**HOW TO COMPLETE THIS TASK:**
Your task is to return all of the records exactly, minus any images.

**GIVEN DATA:**

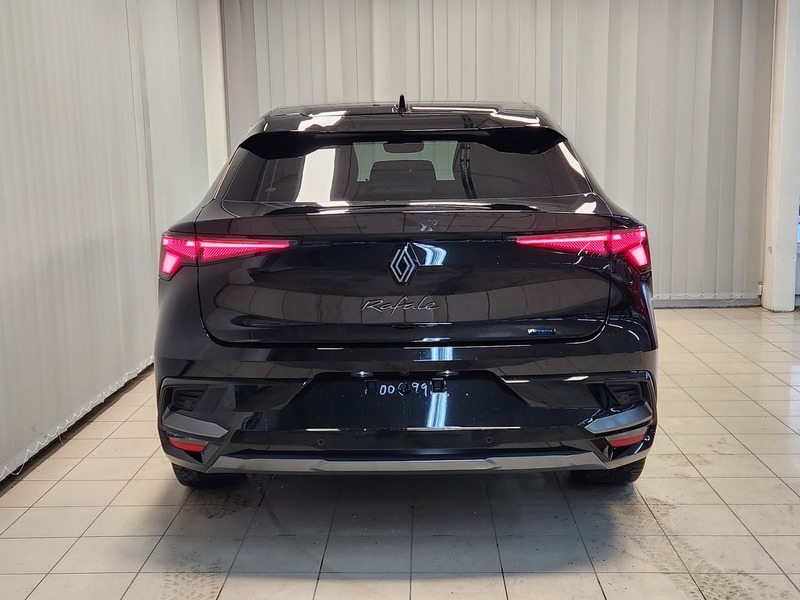 Renault Rafale vaihtoauto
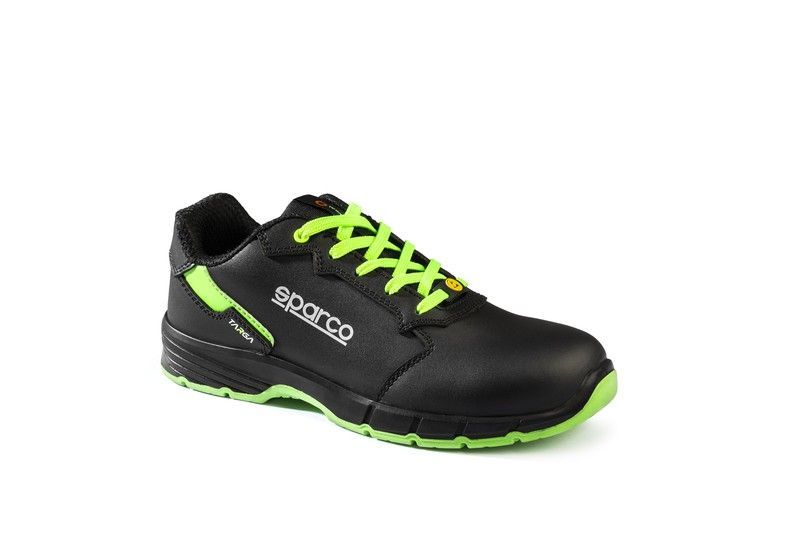 CALZADO DE SEGURIDAD SPARCO TARGA ESD S3S SR FO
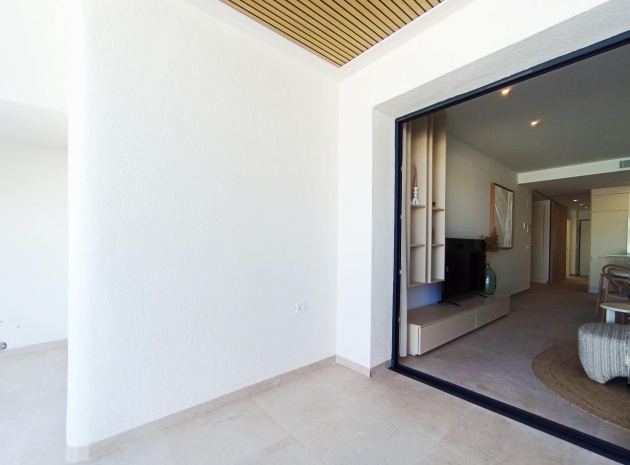 New Build - Apartment - Dolores - Zona Nueva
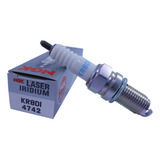 Vela De Ignição Kr8di Laser Iridium Ktm 990 - Cód.1951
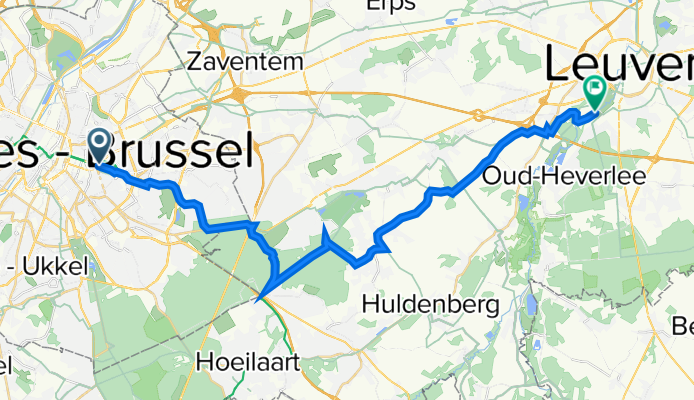 Imec - 30.5km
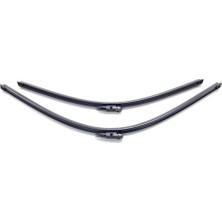 Silbak Mercedes-Benz ml Serisi Class W164 2006-2012 Ön Cam Sileceği Silecek Silgi Silgeç Takımı 70*53CM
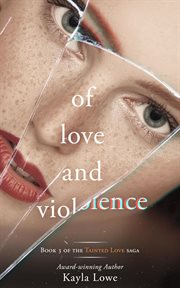 Of love and violence cover image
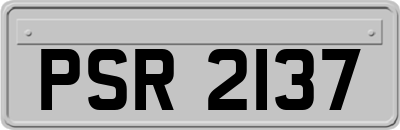 PSR2137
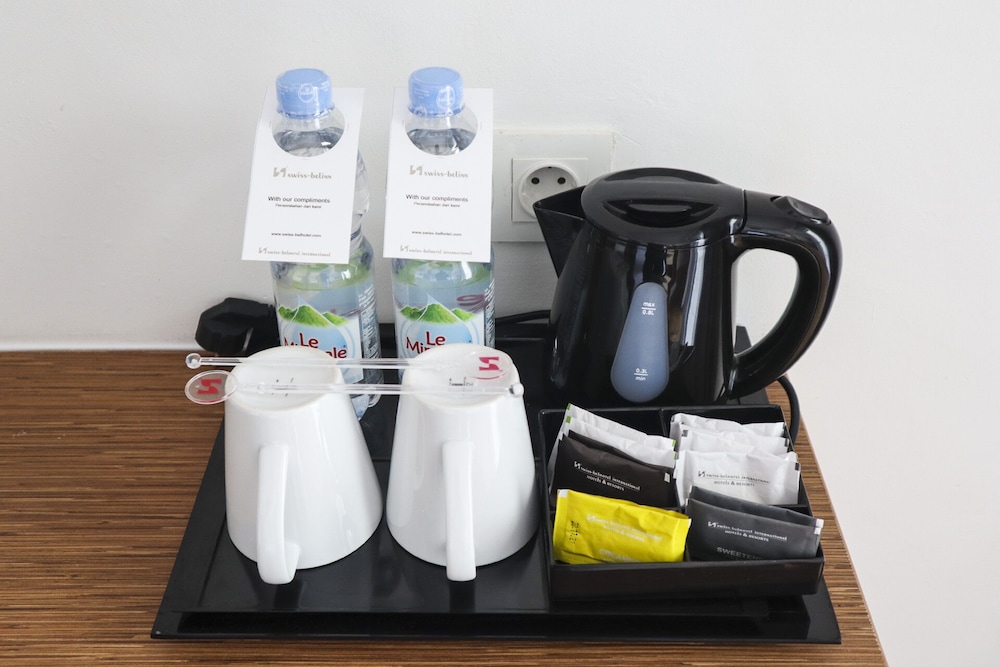 Swiss-Belinn Luwuk 17/39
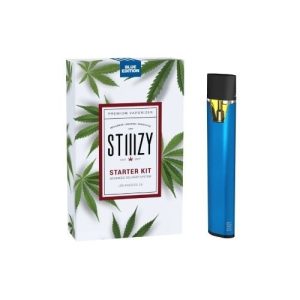 Stiiizy Standard Battery Blue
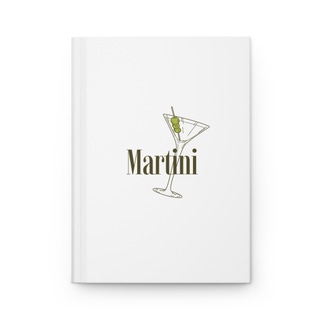 Martini Journal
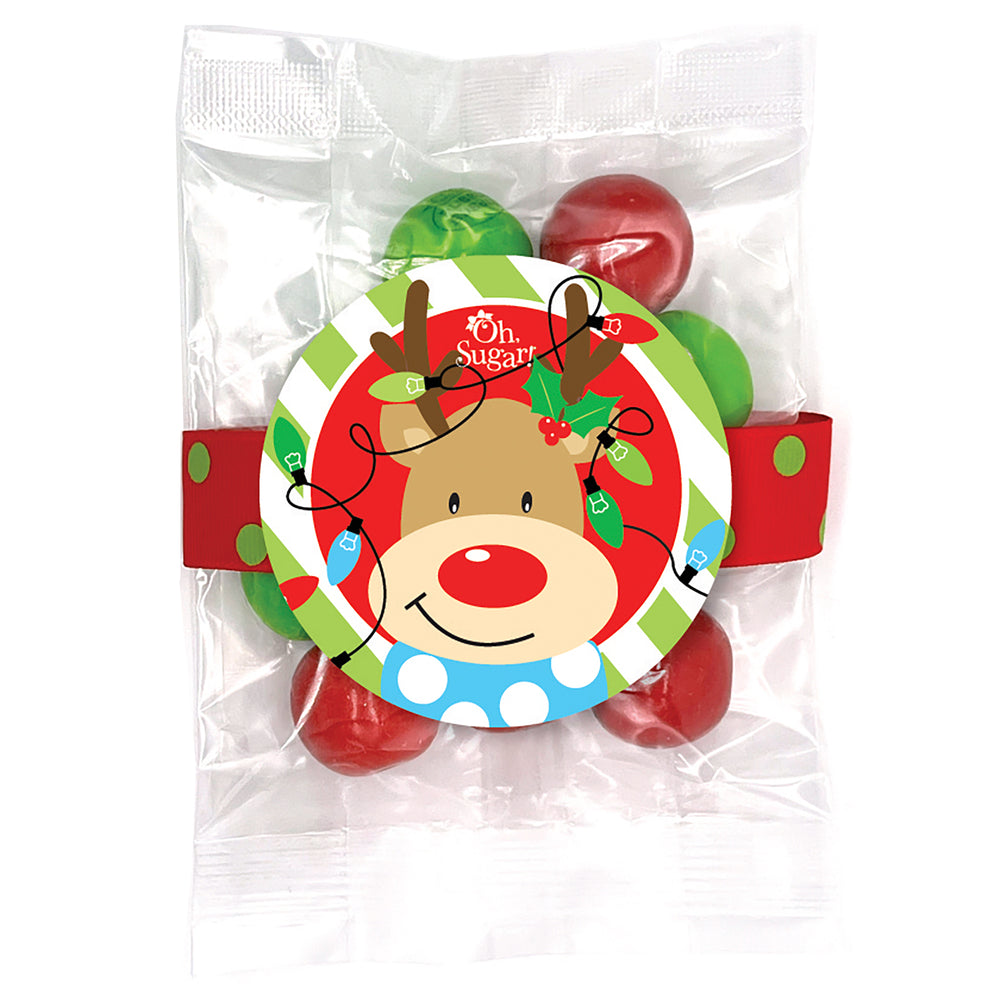 Candy - Christmas Gumballs - RDR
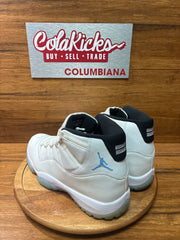 Jordan 11 Retro Legend Blue (2024)
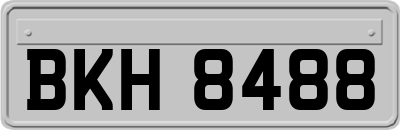 BKH8488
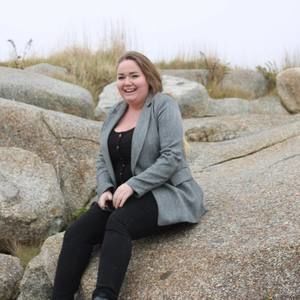 Meet your Posher, Keeley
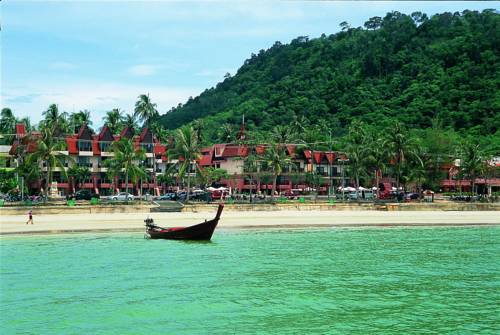 Plage de Patong (Phuket) Thaïlande code promo hôtel booking.com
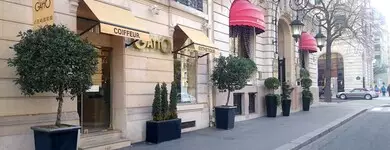Sophie Gatto Paris 16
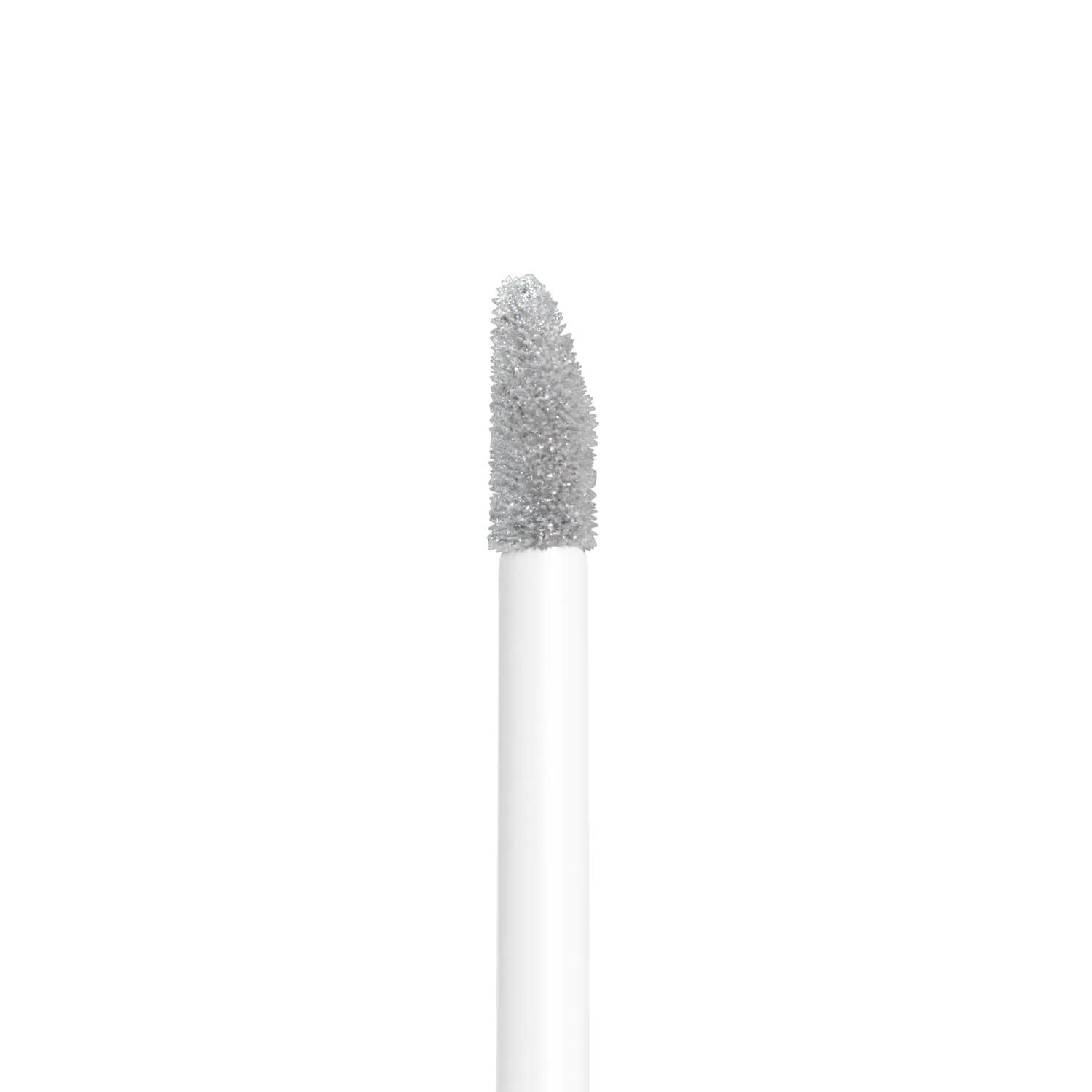 NYX sviesto blizgesio metalinis ledo lūpų blizgesys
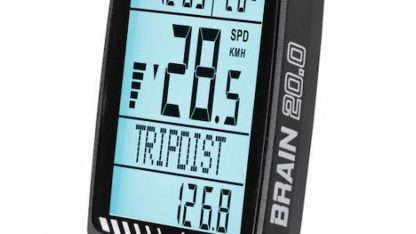 Just One Brain 20.0 ATS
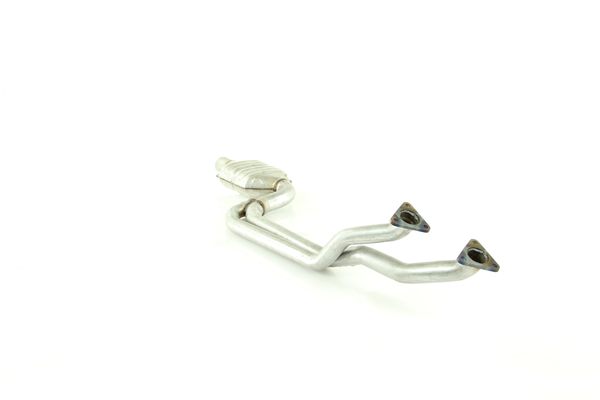Catalytic Converter - 20301 WALKER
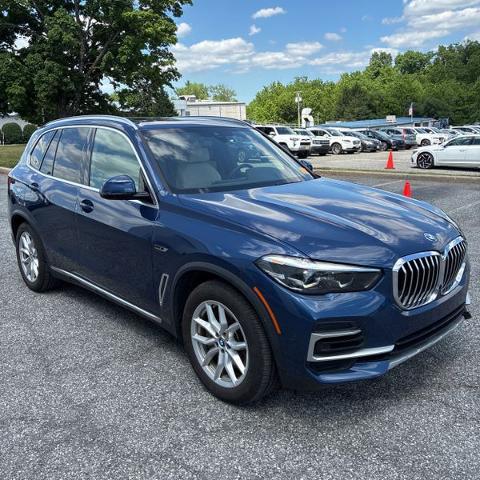 2022 BMW X5 xDrive45e for sale in Alexandria, VA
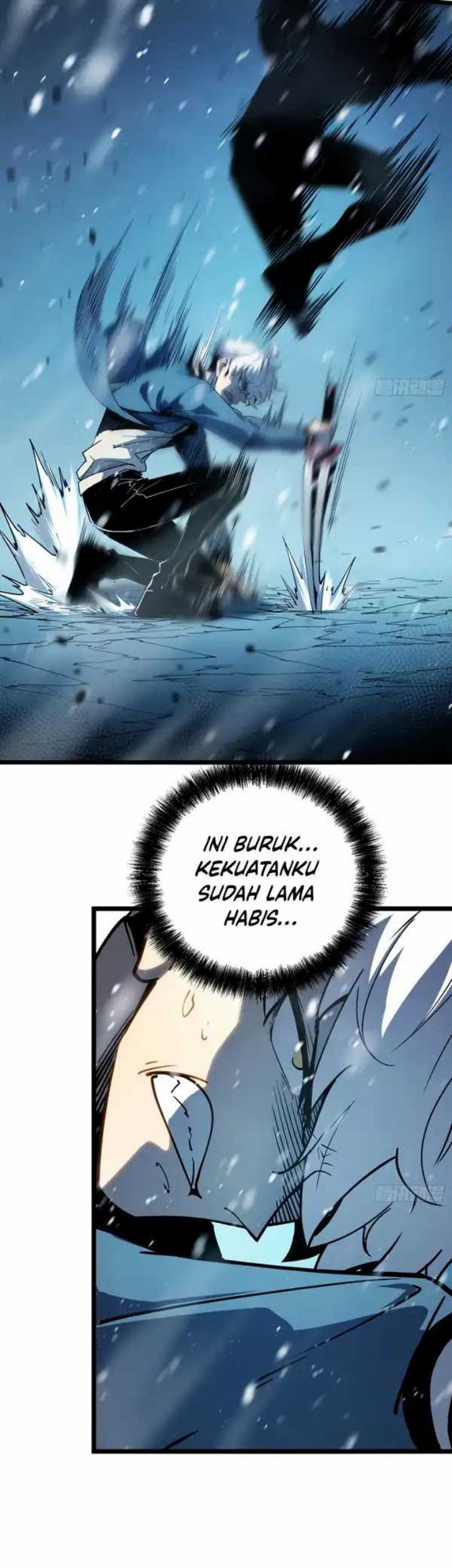 Full-Time Awakening Chapter 9 - halaman 22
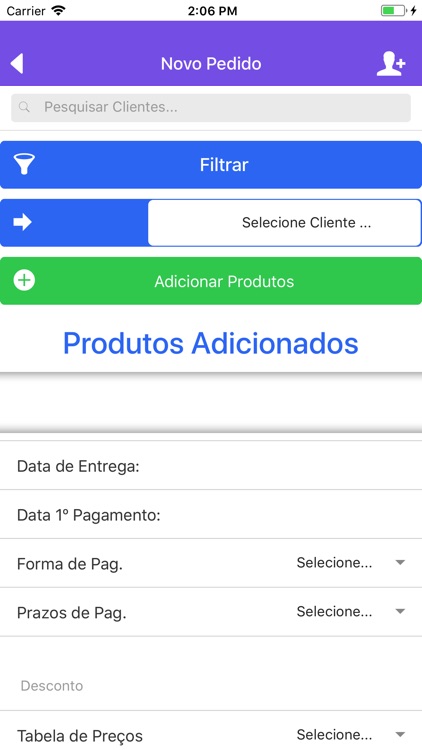 imovFeiras screenshot-3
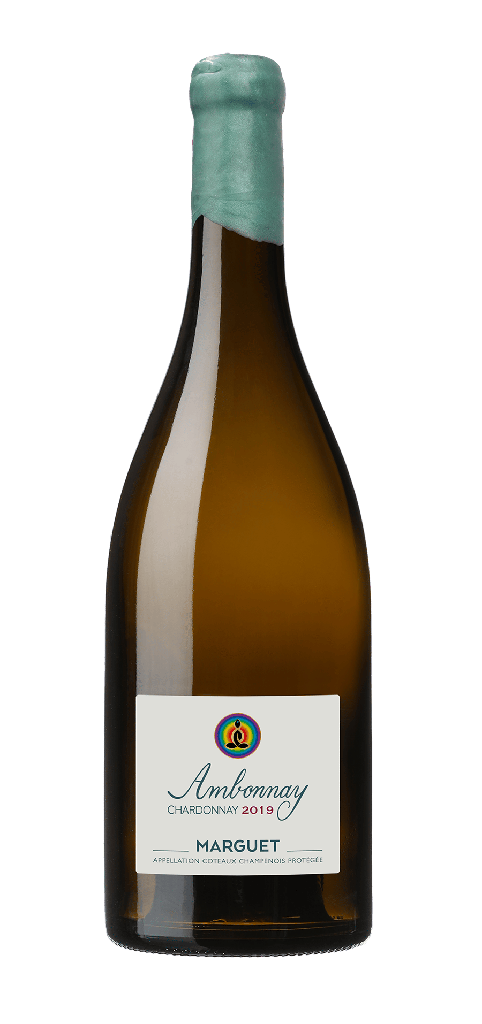 Champagne Marguet, Coteaux Champenois Ambonnay Rouge '22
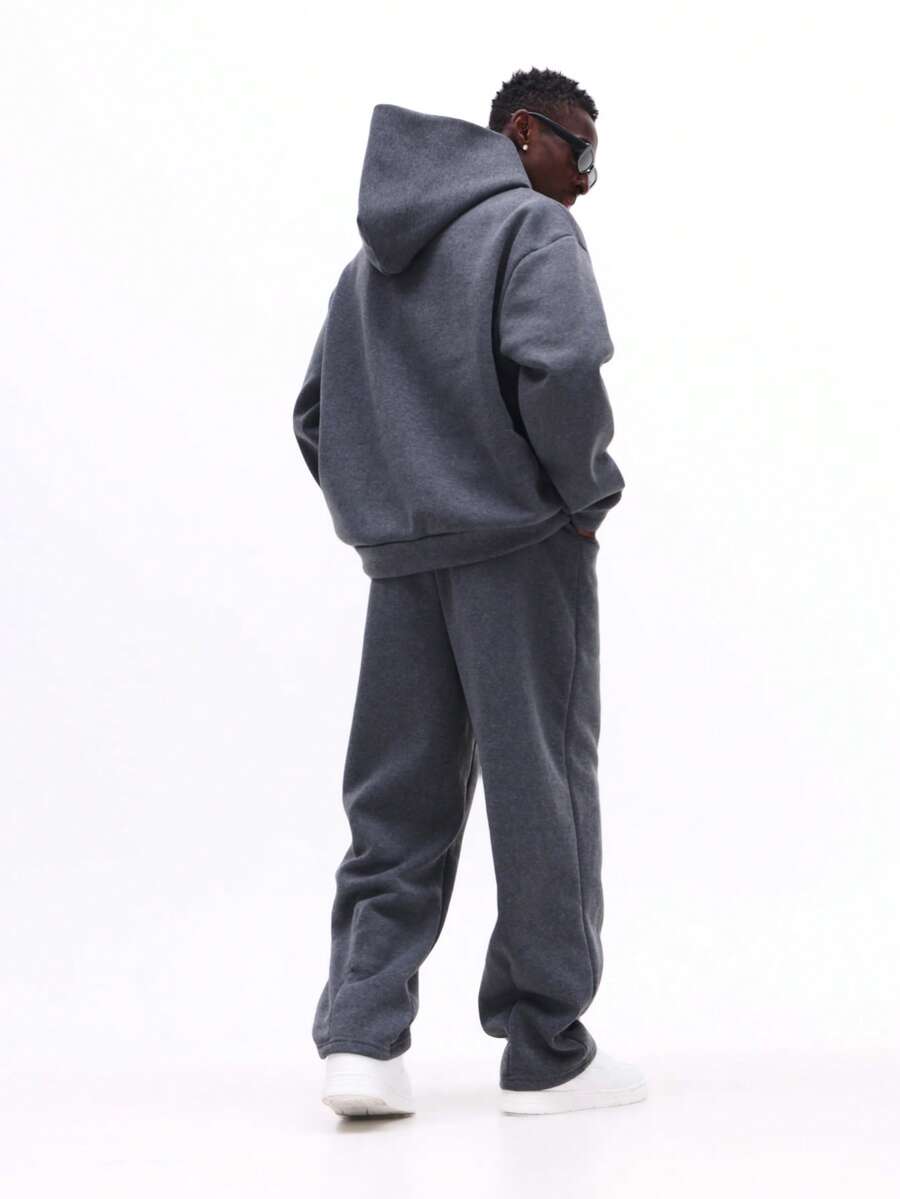 Conjunto Moletom Pavtros Studios Essential Heavy Tracksuit - foto 13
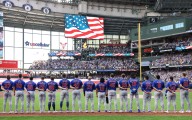 NLDS: Chicago Cubs, Milwaukee Brewers prepare for any pitching scenario for Game 5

**YOUR RESPONSE:**
 Renault Rafale vaihtoauto
 CALZADO DE SEGURIDAD SPARCO TARGA ESD S3S SR FO
 New Build - Apartment - Dolores - Zona Nueva
 Vela De Ignição Kr8di Laser Iridium Ktm 990 - Cód.1951
 Imec - 30.5km
 Silbak Mercedes-Benz ml Serisi Class W164 2006-2012 Ön Cam Sileceği Silecek Silgi Silgeç Takımı 70*53CM
 Of love and violence cover image
 PSR2137
 Swiss-Belinn Luwuk 17/39
 Stiiizy Standard Battery Blue
 Martini Journal
 Candy - Christmas Gumballs - RDR
 Jordan 11 Retro Legend Blue (2024)
 BKH8488
 Meet your Posher, Keeley
 Plage de Patong (Phuket) Thaïlande code promo hôtel booking.com
Sophie Gatto Paris 16
 NYX sviesto blizgesio metalinis ledo lūpų blizgesys
 Just One Brain 20.0 ATS
Catalytic Converter - 20301 WALKER
 2022 BMW X5 xDrive45e for sale in Alexandria, VA
 Full-Time Awakening Chapter 9 - halaman 22
 imovFeiras screenshot-3
 Champagne Marguet, Coteaux Champenois Ambonnay Rouge '22
 Conjunto Moletom Pavtros Studios Essential Heavy Tracksuit - foto 13
 NLDS: Chicago Cubs, Milwaukee Brewers prepare for any pitching scenario for Game 5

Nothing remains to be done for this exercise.